** HOW TO COMPLETE THIS TASK **
From the records below, state how many lines hold the string "Guest", without any other text.

** DATA SUPPLIED **
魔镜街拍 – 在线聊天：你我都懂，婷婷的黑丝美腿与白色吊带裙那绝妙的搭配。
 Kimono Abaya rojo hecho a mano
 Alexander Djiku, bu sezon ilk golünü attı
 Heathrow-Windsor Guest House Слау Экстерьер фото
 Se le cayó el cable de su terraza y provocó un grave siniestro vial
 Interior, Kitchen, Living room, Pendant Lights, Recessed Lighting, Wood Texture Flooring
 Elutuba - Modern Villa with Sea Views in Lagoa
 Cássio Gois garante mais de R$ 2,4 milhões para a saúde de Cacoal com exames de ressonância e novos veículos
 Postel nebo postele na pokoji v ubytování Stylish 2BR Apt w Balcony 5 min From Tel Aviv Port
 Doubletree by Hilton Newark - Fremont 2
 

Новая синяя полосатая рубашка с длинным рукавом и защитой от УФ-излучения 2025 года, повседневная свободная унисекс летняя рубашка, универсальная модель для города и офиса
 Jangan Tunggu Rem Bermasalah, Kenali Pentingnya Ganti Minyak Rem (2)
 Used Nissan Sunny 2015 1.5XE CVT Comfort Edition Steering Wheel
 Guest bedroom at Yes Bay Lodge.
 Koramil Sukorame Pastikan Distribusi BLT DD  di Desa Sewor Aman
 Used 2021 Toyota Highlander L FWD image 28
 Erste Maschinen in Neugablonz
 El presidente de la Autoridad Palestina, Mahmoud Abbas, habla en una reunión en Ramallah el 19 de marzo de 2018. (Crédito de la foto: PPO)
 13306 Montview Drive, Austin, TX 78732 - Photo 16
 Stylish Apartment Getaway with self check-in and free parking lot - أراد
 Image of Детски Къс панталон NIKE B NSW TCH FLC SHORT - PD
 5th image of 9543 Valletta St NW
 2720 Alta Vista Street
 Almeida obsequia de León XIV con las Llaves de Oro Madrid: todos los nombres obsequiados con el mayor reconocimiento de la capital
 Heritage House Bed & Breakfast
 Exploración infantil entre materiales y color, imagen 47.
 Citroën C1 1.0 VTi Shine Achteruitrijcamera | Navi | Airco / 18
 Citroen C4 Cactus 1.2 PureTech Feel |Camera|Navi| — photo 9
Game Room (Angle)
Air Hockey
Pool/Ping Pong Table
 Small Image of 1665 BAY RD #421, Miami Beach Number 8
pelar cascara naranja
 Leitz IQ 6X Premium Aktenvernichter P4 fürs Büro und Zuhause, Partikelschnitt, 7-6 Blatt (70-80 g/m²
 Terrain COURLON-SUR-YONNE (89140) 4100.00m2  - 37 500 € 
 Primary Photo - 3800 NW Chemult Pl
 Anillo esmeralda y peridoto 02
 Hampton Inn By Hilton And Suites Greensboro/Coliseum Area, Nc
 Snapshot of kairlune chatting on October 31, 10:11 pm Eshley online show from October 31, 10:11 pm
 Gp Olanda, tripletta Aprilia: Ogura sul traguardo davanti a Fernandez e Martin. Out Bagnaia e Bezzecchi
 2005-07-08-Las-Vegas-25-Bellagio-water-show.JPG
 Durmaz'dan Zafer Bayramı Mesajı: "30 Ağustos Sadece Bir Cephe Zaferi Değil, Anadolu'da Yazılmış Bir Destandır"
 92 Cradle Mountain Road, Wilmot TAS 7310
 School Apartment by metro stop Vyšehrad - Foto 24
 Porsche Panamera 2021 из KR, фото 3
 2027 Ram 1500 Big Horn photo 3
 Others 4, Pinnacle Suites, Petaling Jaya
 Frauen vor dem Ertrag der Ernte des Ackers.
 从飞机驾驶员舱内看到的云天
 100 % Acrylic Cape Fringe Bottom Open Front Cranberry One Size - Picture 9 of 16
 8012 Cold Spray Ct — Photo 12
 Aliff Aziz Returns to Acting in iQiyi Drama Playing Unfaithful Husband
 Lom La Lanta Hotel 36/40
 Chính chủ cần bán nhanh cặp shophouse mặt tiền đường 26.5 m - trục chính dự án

** TASK SOLUTION **
2